Based on the novels by Sophie Kinsela, the movie stars Isla Fisher as Rebecca Bloomwood, a young journalist in Manhattan who is running up credit card bills because she can’t stop buying things. Rebecca is dying to write for Alette, who runs Rebecca’s favorite fashion magazine. She gets there too late for one job with Alette, but the male receptionist tells her about a job opening at another of the company’s magazines, Successful Savings, a business publication. If she gets a job there, he says, she may work herself up the ladder to her dream job.
The young editor of the business magazine, Luke Brandon, turns out to be the young executive who gave her some money to buy a green scarf earlier that day. She had to lie to him about the scarf being for her dying aunt, however. The interview doesn’t go well. Rebecca tries to drown her sorrows with her roommate and best friend, Suze. Suze encourages her to write a nasty letter to Luke and send a column for Alette to get her attention. They mix up the two, however.
In one of several very funny scenes, Rebecca manages to retrieve the nasty letter before Alette opens it. To her surprise, Luke loves Rebecca’s take on fashion and wants to hire her as a regular columnist. Rebecca is afraid, however, that her credit card history will get her fired. She convinces Luke to let her use a pseudonym for the column. He comes up with the idea to label her as “The Girl in the Green Scarf.”

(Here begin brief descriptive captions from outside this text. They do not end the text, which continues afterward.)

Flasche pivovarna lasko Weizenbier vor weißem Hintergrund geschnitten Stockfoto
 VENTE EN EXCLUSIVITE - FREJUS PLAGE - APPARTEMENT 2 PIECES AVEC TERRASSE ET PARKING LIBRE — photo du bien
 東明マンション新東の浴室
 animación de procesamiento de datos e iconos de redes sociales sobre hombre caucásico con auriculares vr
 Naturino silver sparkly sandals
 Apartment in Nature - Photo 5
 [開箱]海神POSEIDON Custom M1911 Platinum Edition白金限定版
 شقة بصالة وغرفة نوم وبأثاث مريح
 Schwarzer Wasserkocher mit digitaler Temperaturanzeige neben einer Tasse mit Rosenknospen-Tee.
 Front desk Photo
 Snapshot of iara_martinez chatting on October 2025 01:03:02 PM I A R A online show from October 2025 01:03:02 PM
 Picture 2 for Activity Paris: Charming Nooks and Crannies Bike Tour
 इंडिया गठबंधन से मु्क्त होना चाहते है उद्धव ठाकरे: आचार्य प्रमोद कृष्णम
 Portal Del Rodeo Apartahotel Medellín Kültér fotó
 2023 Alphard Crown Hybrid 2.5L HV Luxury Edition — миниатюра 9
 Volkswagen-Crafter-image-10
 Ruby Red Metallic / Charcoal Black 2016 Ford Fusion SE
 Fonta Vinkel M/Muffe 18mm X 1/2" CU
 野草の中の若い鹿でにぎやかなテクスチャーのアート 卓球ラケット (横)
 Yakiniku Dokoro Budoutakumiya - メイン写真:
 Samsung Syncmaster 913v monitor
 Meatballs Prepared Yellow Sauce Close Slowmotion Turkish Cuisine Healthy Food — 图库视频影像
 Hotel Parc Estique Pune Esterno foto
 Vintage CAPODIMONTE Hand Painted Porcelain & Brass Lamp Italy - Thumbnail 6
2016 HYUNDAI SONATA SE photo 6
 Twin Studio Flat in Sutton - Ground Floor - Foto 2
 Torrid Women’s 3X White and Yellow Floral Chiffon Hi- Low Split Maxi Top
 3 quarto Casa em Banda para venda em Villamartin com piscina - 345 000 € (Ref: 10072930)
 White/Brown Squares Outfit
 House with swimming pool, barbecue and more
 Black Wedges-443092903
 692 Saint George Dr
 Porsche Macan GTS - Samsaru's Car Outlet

To everyone’s surprise, Rebecca’s use of her own experiences to describe business becomes extremely popular. Her writing even gets the attention of Alette. One of her creditors is trying to track her down, however. A series of white lies gets her out of trouble with Luke, but it’s only a matter of time before he finds out that she can’t manage her own finances. Her problem is further complicated by the fact that she and Luke are falling in love.
CONFESSIONS OF A SHOPAHOLIC has several hilarious scenes. Isla Fisher does a great job of bringing Rebecca to life. You want her to succeed, despite her shopping addiction and lying to cover it up. The good news is that the truth does come out, Rebecca changes her ways and, in doing so, convinces Luke to start his own magazine
The movie makes it clear that the heroine’s materialistic shopping addiction and lying are wrong. They eventually catch up with her, and she has to change, with the help of a recovery group. There is only one visual reference to God, however. The movie also has plenty of mostly light foul language. Finally, there is one scene where Rebecca goes into her roommate’s bedroom to talk with her and the roommate is shown lying under the covers with her fiancé.